We have been tinkering with a virtual to physical project for several months. The initial driver for the project was to extract the greatest performance possible from our infrastructure to coincide with a re-release of our bespoke Crm application. The existing Db is a virtualised (Esx 5.5) Ws2008 x64/Sql2008 Enterprise. We have built several versions now of a physical server both clustered and not clustered on the same hardware platform as the Esx host (Cisco Ucs B200 M2) with storage from the same Netapp Sas aggregate as the Vm, but have never been able get the same performance from the physical environment. The Vm was P2Veed about 5 years ago. At present the physical box is running 2012R2 datacenter/Sql 2014 Enterprise, but have seen exactly same results with 2008R2/Sql 2008R2 and Sql 2012. Storage i/o tests show us no real differences between the 2 servers getting to the Netapp. For performance measurement we have been using 3 queries (based on typical user interactions with the app) that we have running within a monitoring system. For all 3 queries the physical box performs much the poorer. Typically 50% or more in terms of time elapsed for the queries. One curiosity that has had me even more baffled during the last few months is a select * from a table that has ~1m rows in it. If I run the query from Ssms on the Vm it returns the rows in say 8secs. If I do the same from Ssms on the physical box it returns the rows in about 14secs. But if I connect to the physical box via Ssms on the Vm and run the query it too comes back in 8secs! How is it so? Really scratching my head particularly with the last point! Anyone ever seen anything similar? Cheers Damien.
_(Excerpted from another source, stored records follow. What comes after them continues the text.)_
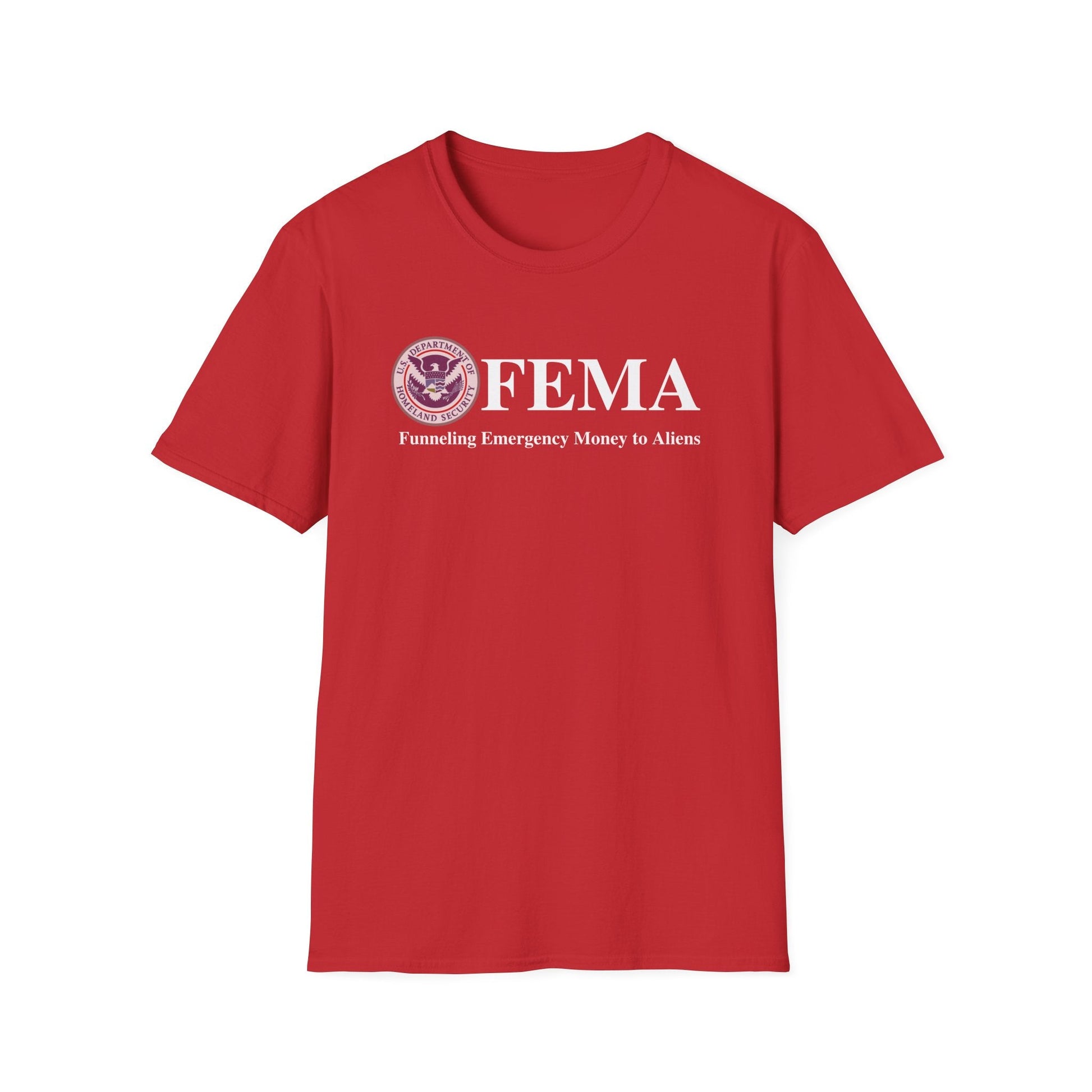 F.E.M.A. Funneling Emergency Money to Aliens T-Shirt - PatriotDepot.com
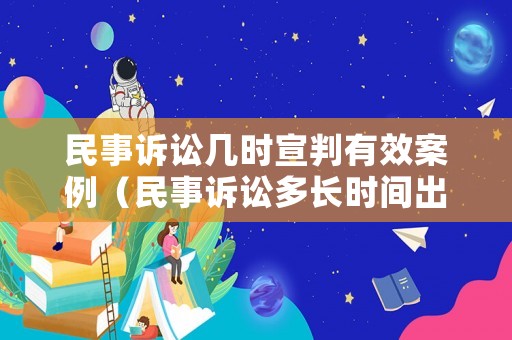 民事訴訟幾時宣判有效案例（民事訴訟多長時間出判決書）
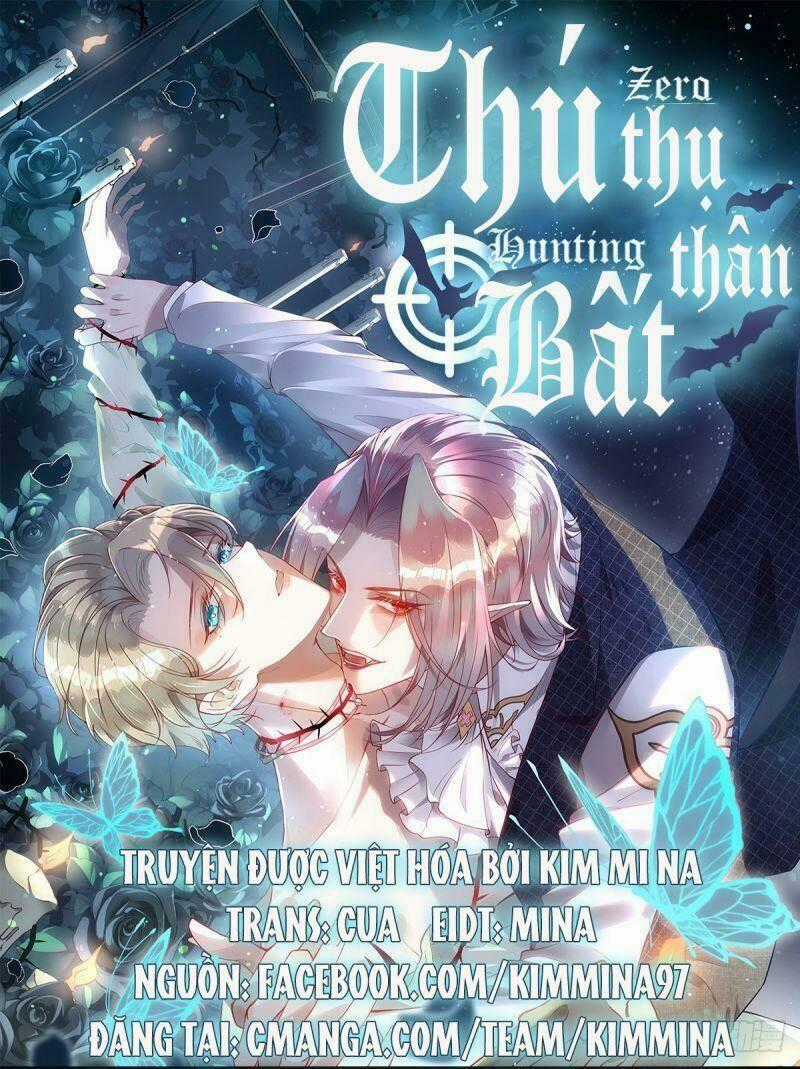 Thú Thụ Bất Thân - Chapter 9 - Trang 1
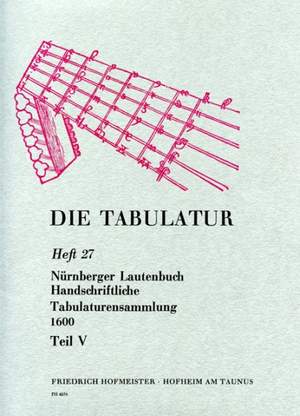 Die Tabulatur, Heft 27: Nürnberger Lautenbuch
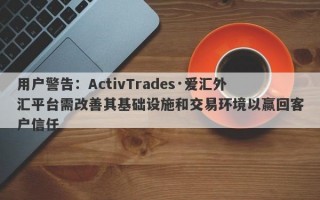 用户警告：ActivTrades·爱汇外汇平台需改善其基础设施和交易环境以赢回客户信任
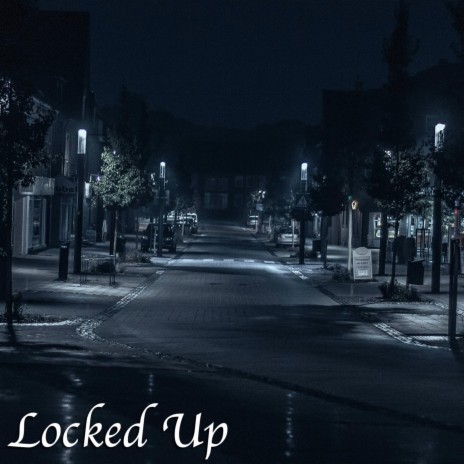 Locked Up (Halloween) | Boomplay Music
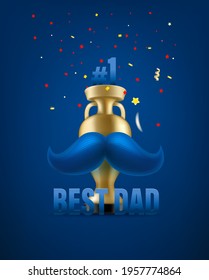 Best dad. Happy fathers day greeting card with trophy ans beautiful moustache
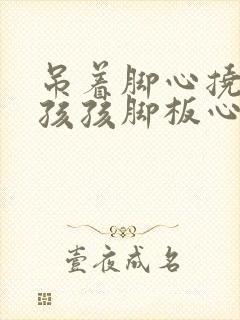 吊着脚心挠小女孩孩脚板心作文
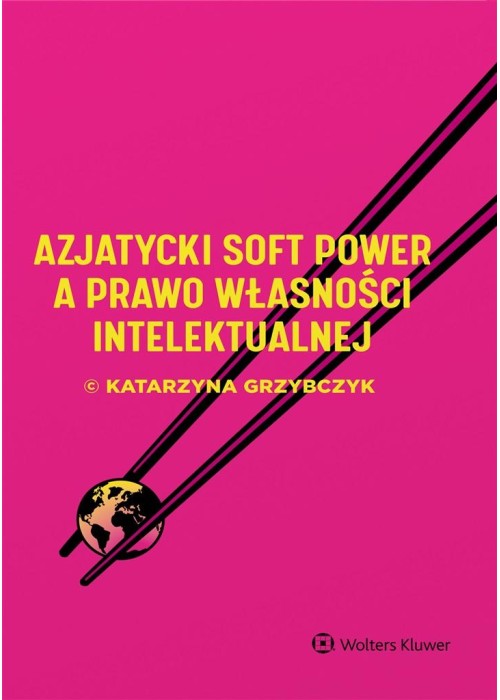 Azjatycki soft power a prawo własności intelekt.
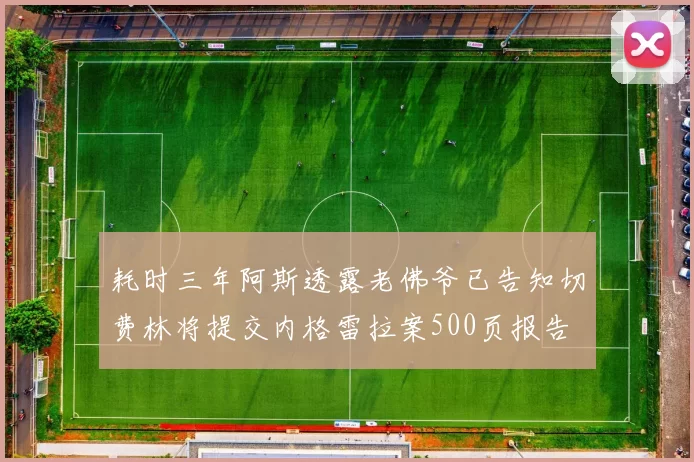 耗时三年阿斯透露老佛爷已告知切费林将提交内格雷拉案500页报告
@Grant and @Fatherjack have both provided some good information. Good stuff was also listed in the comments. But something that I have seen time and again cause this type of conundrum has yet to be mentioned. Check the power plan settings of the physical box. Also check the bios settings to ensure the "green" settings have all been disabled. I have seen the balanced power plan (including the power saving/green settings in bios) cause up to 67% performance degradation in many queries. You should have the power plan set to High performance. You should also ensure the bios is not set to enable the "green" / energy saving features. Here is an [article] that discusses that. :
Instead of trying to run queries from SSMS and get a simple measure, automate the testing. Run the scripts from some third party product or script, PowerShell for example. Call them 10, 50, 1000 times, but do it all the exact same way from this script or location against each of the two servers. While doing this, use Extended Events to capture the query metrics (rpc_complete and sql_batch_complete events) from each server. Compare the results collected by Extended Events. You want everything to be apples to apples on your test runs. In addition to capturing the query metrics, I'd suggest capturing the wait statistics before and after you run the tests. You can use sys.dm_os_wait_stats to get the waits before and after you run the tests. That will tell you what is slowing down the access on each system which will help to determine where the bottlenecks are.